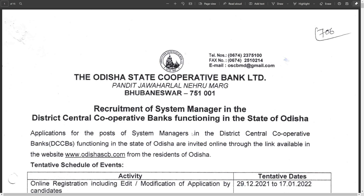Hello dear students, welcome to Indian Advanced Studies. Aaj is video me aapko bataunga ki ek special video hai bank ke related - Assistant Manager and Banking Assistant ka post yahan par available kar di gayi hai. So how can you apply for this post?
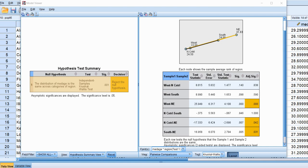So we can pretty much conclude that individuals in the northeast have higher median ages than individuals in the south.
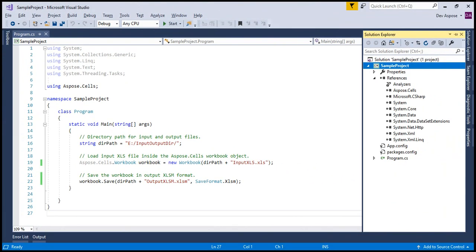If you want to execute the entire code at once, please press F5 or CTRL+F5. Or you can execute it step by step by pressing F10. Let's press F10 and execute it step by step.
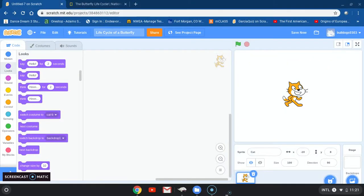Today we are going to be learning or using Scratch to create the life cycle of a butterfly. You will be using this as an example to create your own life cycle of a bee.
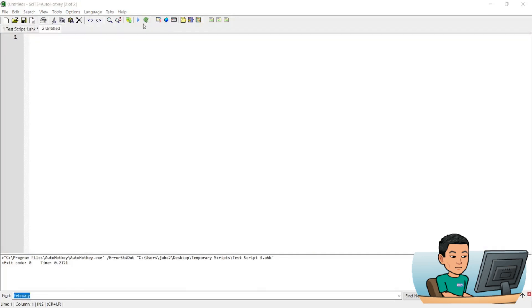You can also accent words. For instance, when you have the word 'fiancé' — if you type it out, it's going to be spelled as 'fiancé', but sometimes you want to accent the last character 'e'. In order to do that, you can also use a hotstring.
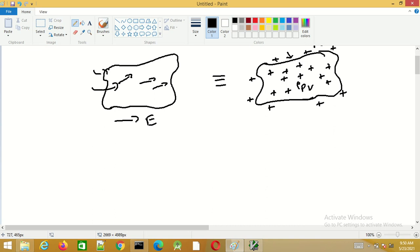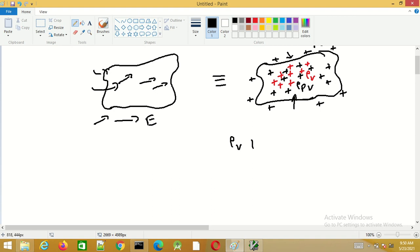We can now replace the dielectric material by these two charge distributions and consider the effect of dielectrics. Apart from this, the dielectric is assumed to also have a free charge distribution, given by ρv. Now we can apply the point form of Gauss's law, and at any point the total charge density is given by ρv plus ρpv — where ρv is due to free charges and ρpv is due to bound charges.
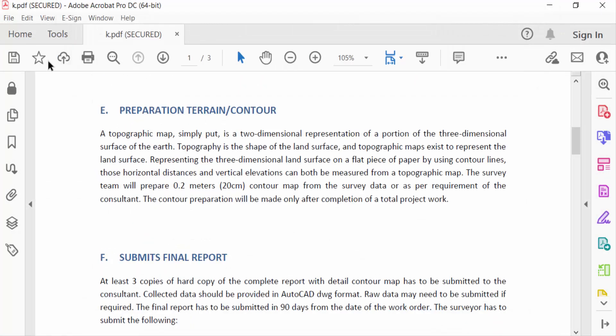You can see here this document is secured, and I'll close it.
━━━━
**EXERCISE BRIEF:**
Exact copy required, pictures excluded: the lines from the one holding "If you want" through the last line of the data, both ends included.

**EXPECTED ANSWER:**
If you want to execute the entire code at once, please press F5 or CTRL+F5. Or you can execute it step by step by pressing F10. Let's press F10 and execute it step by step.
Today we are going to be learning or using Scratch to create the life cycle of a butterfly. You will be using this as an example to create your own life cycle of a bee.
You can also accent words. For instance, when you have the word 'fiancé' — if you type it out, it's going to be spelled as 'fiancé', but sometimes you want to accent the last character 'e'. In order to do that, you can also use a hotstring.
We can now replace the dielectric material by these two charge distributions and consider the effect of dielectrics. Apart from this, the dielectric is assumed to also have a free charge distribution, given by ρv. Now we can apply the point form of Gauss's law, and at any point the total charge density is given by ρv plus ρpv — where ρv is due to free charges and ρpv is due to bound charges.
You can see here this document is secured, and I'll close it.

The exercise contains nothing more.